Hari ke 4 baru tour keluar kota. Rencana awal mau ke Kepahiang trus ke Curup, tapi ditengah jalan jadi hiking dadakan. Bersyukur banget bisa liat Bunga Reflesia Arnoldi di kunjungan pertama ke Bengkulu, bahkan teman ami yang anak Bengkulu asli pun baru pertama kali liat Raflesia., kembar pula. Awesome dah. Kemudian lanjut ke rumah Gok, trus diajakin ke Kebun The Kabawetan, trus city tour (istilah kerennya) keliling kota Kepahiang dengan Gedung Putih “White House” ala ala Washington DC. Balik ke Kota sehabis magrib, jalan di daerah Gunung lumayan berlikaliku bikin ngilu.

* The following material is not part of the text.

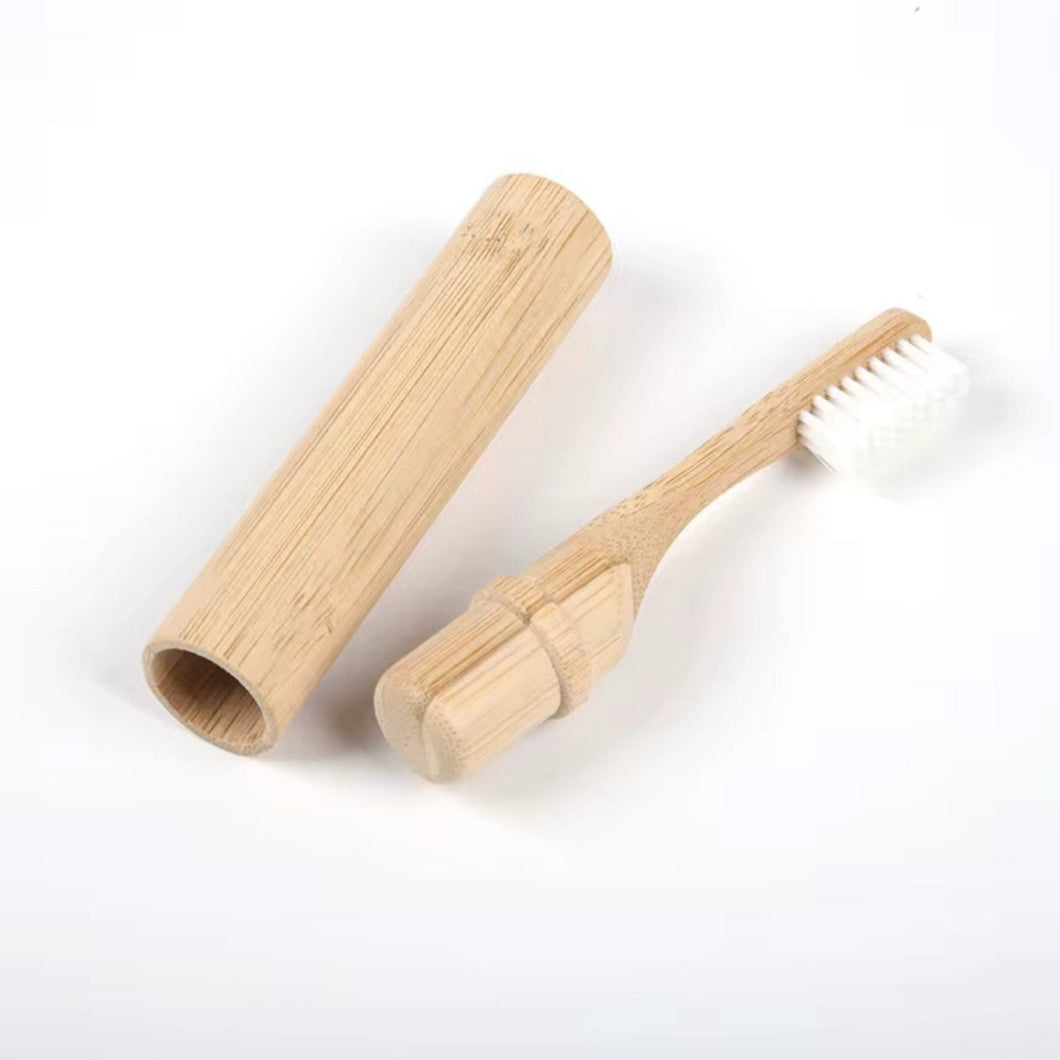Bamboo toothbrush with wooden handle on a white background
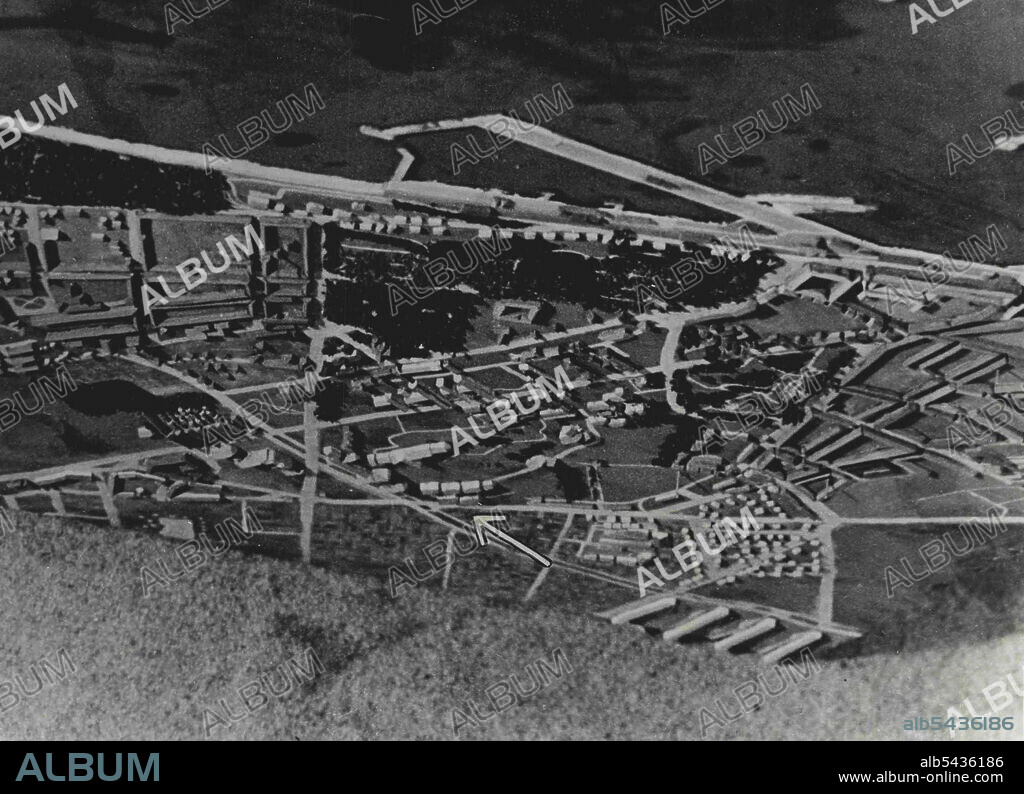 Mosquito Attack On Gestapo H.Q. At Aarhus. The model that was made for the briefing of the crews. The arrow points to the two buildings where the Gestapo was housed. On Tuesday 31.10.44. Mosquito of a Group of R.A.F. Second Tactical Air Force attacked the Gestapo H.Q. housed in the University of Aarhus, Denmark. Two adjoining 4 storey buildings formed the target. To obtain accuracy in bombing a model of the target was built for the crews. The aircraft went in to the attack at zero feet one pilot.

Hari ke 5 dilanjutkan dengan wisata sejarah. Mulai dari Museum Bengkulu dan disambut Ande Nanda yang dinas di museum. Senang kali ya kerja di museum kaya Ande, belajar sejarah lagi, sehari hari ngurusin benda benda bersejarah. Tapi jurusan ami farmasi, yasudahlah. Hahaha. Lanjut Makan es cream goreng di RCB (Rumah Coffe Bengkulu), lanjut ke Rumah Pengasingan Bung Karno yang nambah pengetahuan sejarah lagi pastinya. Selanjutnya makan malam di Steak Wow. Nyari makan di Bengkulu lumayan gampang, harga dan rasa manusiawi.
Hari ke 6 kayaknya tiada hari tanpa jalan jalan, sekarang jalan ke Mega Mall Bengkulu mau nonton Assalamualaikum Beijing tapi belum tayang jadilah nonton Night At The Museum 3. Puas keliling Mall, mari jadi anak gaol BKL, nongki nongki di Tower.
Ini lagi kelebihan Kota BKL, sepertinya ini kota pantas dapat gelar kota ramah anak, Setiap sudut kota banyak taman taman yang rame dikunjungi anak anak. Ada arena main sepatu roda, ada yang main sepeda, di depan rumah walikota banyak anak anak ngasih makan rusa. Di Padang mah jarang, Panas soalnya.. Satu lagi, Kendaraan di Bengkulu gak ada yang ugal ugalan, angkotnya nyantai aja, Macet macet di lampu merah gak ada. Paking jalanan rame pas jam pagi sama pulang kantor, itupun gak bikin macet.
Hmmm.. Selesai sudah liburan seminggu. Ami harus balik ke Padang, Kesimpulan seminggu di Bengkulu: Bengkulu termasuk kota idaman ami, mulai dari sejuknya, tata kotanya, wisatanya, alamnya, nama jalannya, orang orangnya yang ramah, cowok cowoknya hehehe.